La coordinatrice Ilaria Pertot spiega: «Il corso di dottorato nasce da sollecitazioni provenienti dal mondo del lavoro che ha espresso la necessità di una figura professionale capace di comprendere e interpretare il linguaggio, l’approccio metodologico e le tecniche della ricerca di base per tradurre le nuove conoscenze in tecnologie e innovazione per le imprese. Nello stesso tempo il mondo della ricerca necessita di ricercatori che sappiano generare quelle conoscenze di base necessarie a dare linfa vitale all’innovazione e stimolo all’economia in un’ottica di qualità e sostenibilità economica e sociale».
Pur esistendo a livello nazionale numerose iniziative nel settore dell’agri-food, questo dottorato, che si tiene in lingua inglese, si caratterizza per l’approccio multidisciplinare alla ricerca. Il corso di dottorato Agrifood and Environmental Sciences si propone infatti di formare ricercatori e ricercatrici di levatura internazionale, capaci di progettare e condurre attività di ricerca nei settori delle scienze agrarie, alimentari e ambientali, ma anche di contribuire attivamente allo sviluppo economico, tecnologico e scientifico del settore agro-alimentare e ambientale.

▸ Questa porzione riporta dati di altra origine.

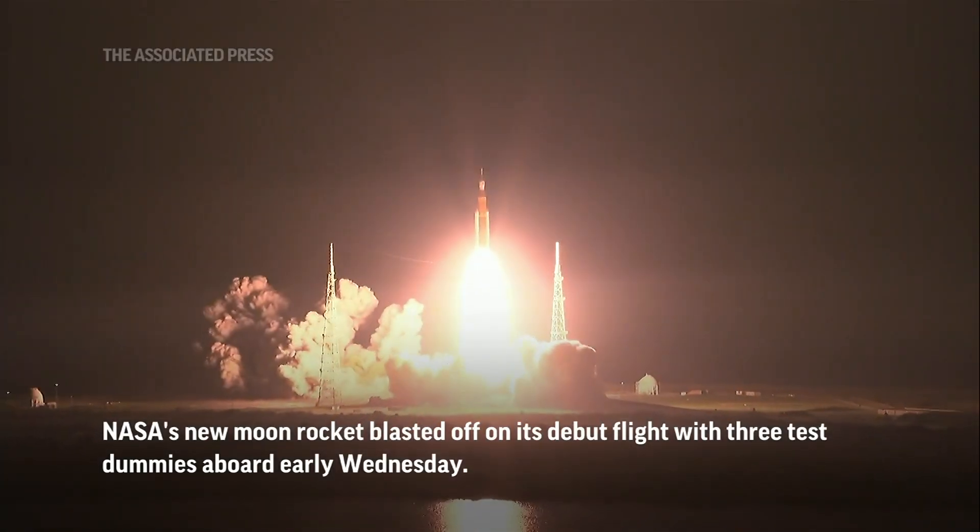And lift off of Artemis I. We rise together back to the moon and beyond.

Tra le numerose tematiche che saranno approfondite ci sono lo sviluppo di metodi biotecnologici avanzati applicati all’agricoltura, alla trasformazione dei prodotti e alla protezione dell’ambiente; la tracciabilità delle produzioni agroalimentari e forestali; la climatologia applicata, l’agrometeorologia e lo studio delle interazioni tra biosfera e clima, con particolare attenzione all’impatto dei cambiamenti globali sugli ecosistemi naturali e agricoli e sulla salute; lo sviluppo di tecniche avanzate per l’identificazione e la valutazione dell’impatto dei contaminanti nei sistemi naturali e agricoli; la distribuzione e la conservazione della biodiversità (genetica, di specie e degli ecosistemi) mediante un approccio integrato allo studio della biodiversità degli ecosistemi con tecnologie innovative (come telerilevamento e tecniche molecolari) e metodi evoluzionistici, tecnologici e modelli matematici e statistici.

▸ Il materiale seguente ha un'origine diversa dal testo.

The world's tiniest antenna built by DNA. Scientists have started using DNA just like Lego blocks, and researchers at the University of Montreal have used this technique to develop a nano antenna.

Il corso di dottorato intende formare figure professionali che possano trovare adeguati sbocchi a livello nazionale e internazionale, nell’ambito della ricerca di base nel mondo accademico e/o in centri di ricerca pubblici o privati, in agenzie nazionali e internazionali e nel settore della ricerca e sviluppo delle realtà industriali e della produzione primaria, e nella libera professione. Il corso intende anche favorire l’acquisizione di competenze utili a favorire l’autoimprenditorialità attraverso la creazione di start-up. Dottorandi e dottorande avranno l’opportunità di svolgere attività formative e di ricerca in atenei e in centri di ricerca all’estero e di partecipare a stage in aziende e in enti ricerca.
Per il primo anno sono previste 19 borse di dottorato su temi agro-industriali e ambientali da svolgere anche in collaborazione con aziende del settore o su specifici progetti di ricerca e 2 su temi di ricerca di base nel settore agrario o ambientale. Nelle prossime settimane è attesa l’uscita del bando di ammissione.